When faced with such enormous challenges, even being part of a burgeoning school feeding programme I had my moments of despair - what if the kids get less food at home as a result of getting fed at school?  What if the education they get here is simply so basic or limited its not worth coming at all?

 

The answers are sometimes in the statistics, sometimes hidden from the statistics.  We know through some studies that primary education in particular is a great multiplier for wealth creation - even for those who don't go into formal jobs.  There are ratios to say that for every year of primary school a farmer gets, his / her productivity increases.  Hidden info?  Anecdotally I know that children who get fed sometimes save some of their food to give to a younger sibling.  Or, if they get less at home as a result of food at school, that food can be passed on to other siblings.  So can we fully capture all these effects, or the general effects of interventions in education?  No - I don't think we can - you'd need to look at the results over 50 years, and you'd still never be able to untangle the effects from other variables.

 

Nevertheless - we have to make decisions and avoid staring into the chasm!!!  My money is on informed action.  I think on the computer side, there is a chance to give some kids a different option, a new opportunity, and this could give Zambia the edge going forward.  The back streets of Lusaka could yield the future generation of people who can tap into much bigger, unforeseen world opportunities if they are up to speed.  Look at www.alibaba.com - its a world version of eBay!!!!  You could sell 1,000 tons of Zambian crops in an hour! - and I think one of your kids there could do it.

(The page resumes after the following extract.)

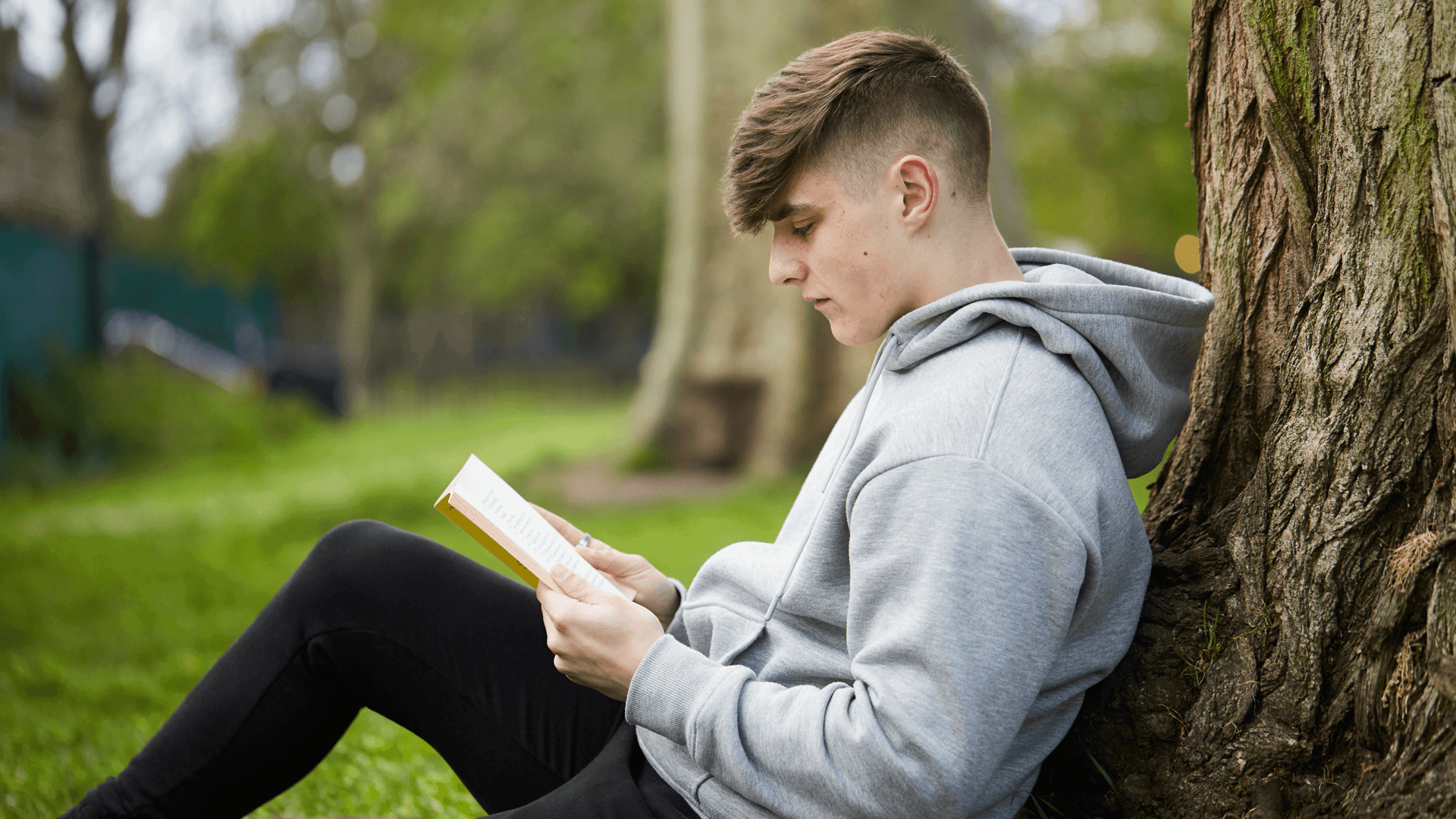 A young person sits against a tree in the park while reading a book.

Comment by Tom Harrison on April 14, 2011 at 10:05
Hi Andrew, another great blog, I'm really enjoying the series.  You reflections about whether its really approriate to provide Aisha with computers is an interesting one indeed.  I recall years ago I was working on a large tea estate in Uganda.  I was commenting on the poor quaility of the drivers we were employing, who were fully trained but still seemed to have too many accidents through lack of  a kind of 'common road sense'.  It was pointed out to me that some of these men would rarely have even been in a car as a passenger as a child, and certainly lacked the easy familiarity with machines that kids in the North pick up from a very early age.  To say that 'students need desks more than computers' in this day and age may be to prolong the huge equity gap between North and South longer.